Des recherches par "mot-clé" dans les bases de données "archives familiales" (© FDE: photos, livres & revues, textes), incluant des acquisitions sur le "web", indiquent le matériel utilisé: ballon à hydrogène, autogire Lioret & Olivier LeO C.30 (licence Cierva), avions Morane-Saulnier MS.230 et Caudron C.460. Les noms des pilotes, évoluant ce jeudi 18 Juillet 1935 au-dessus de St-Cyr, sont à trouver sur internet.
Première énigme - Sachant que le pilotage d'un ballon ne s'improvise pas, quel est le nom du "cyrard dans la nacelle", mentionné par le rédacteur de l'article; est-ce un cyrard ayant un brevet d'aéronaute délivré par l'Aéro-club de France, un aéronaute en tenue de cyrard ou un pilote et aéronaute de l'armée de l'air ?

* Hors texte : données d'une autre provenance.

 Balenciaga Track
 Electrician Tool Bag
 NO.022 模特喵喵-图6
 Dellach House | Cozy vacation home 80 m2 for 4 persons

Une piste de recherche existe: le nom du lieutenant Pépin - St Cyr 1926-1928, promotion Pol Lapeyre - aviateur à la base aérienne du Bourget - est cité dans la liste des membres du Conseil d'administration 1935 de la St-Cyrienne; ce lieutenant pourrait être l'aéronaute.
Le site "Aéro-stèles" (10) confirme cette hypothèse: à sa sortie de St-Cyr, René Pépin est affecté en 1928 à "l'Ecole militaire et d'application de l'aéronautique" à Versailles; il est d'abord breveté observateur avion et ballon puis pilote avion. En tant qu'observateur, il apprend à piloter un ballon pour pouvoir remplacer éventuellement un pilote défaillant.
En 1934, "il fonde au Bourget, le Cercle de chasse de Paris destiné à l'entraînement des pilotes de chasse de réserve. Il est en relation avec toutes les personnalités marquantes de l'aéronautique", et sans doute avec le général Denain (St-Cyr 1901 - 1903), ministre de l'Air.
En participant avec l'ESM à la planification de la partie 3e dimension du Triomphe, comme "aviateur", il décide de décoller de la "petite" carrière de St-Cyr l'Ecole avec un ballon à hydrogène (11) pour honorer la Belgique tout en se faisant plaisir.
La base aérienne n°132 de Colmar-Meyenheim portera son nom jusqu'à la fermeture de la base en Juillet 2010.
Deuxième énigme: la photo du ballon sphérique monoplace au-dessus des "manants" (taille arrondie à 1,80m), aidant au départ, permet de calculer ses caractésistiques: rayon 3,8m; volume hydrogène 230m3 = charge totale 230kg (12); lest 23kg + pilote 80kg = charge utile 103kg; poids ballon 127kg.
Quel en est le propriétaire: l'École aérostatique de France à Meaux, Pépin ou un de ses amis? À un lecteur de répondre.
Troisième énigme: qui est le pilote de l'autogire LeO C.30 et à qui appartient cet appareil dont l'expérimentation par l'artillerie a commencé en Juin 1935 (13)?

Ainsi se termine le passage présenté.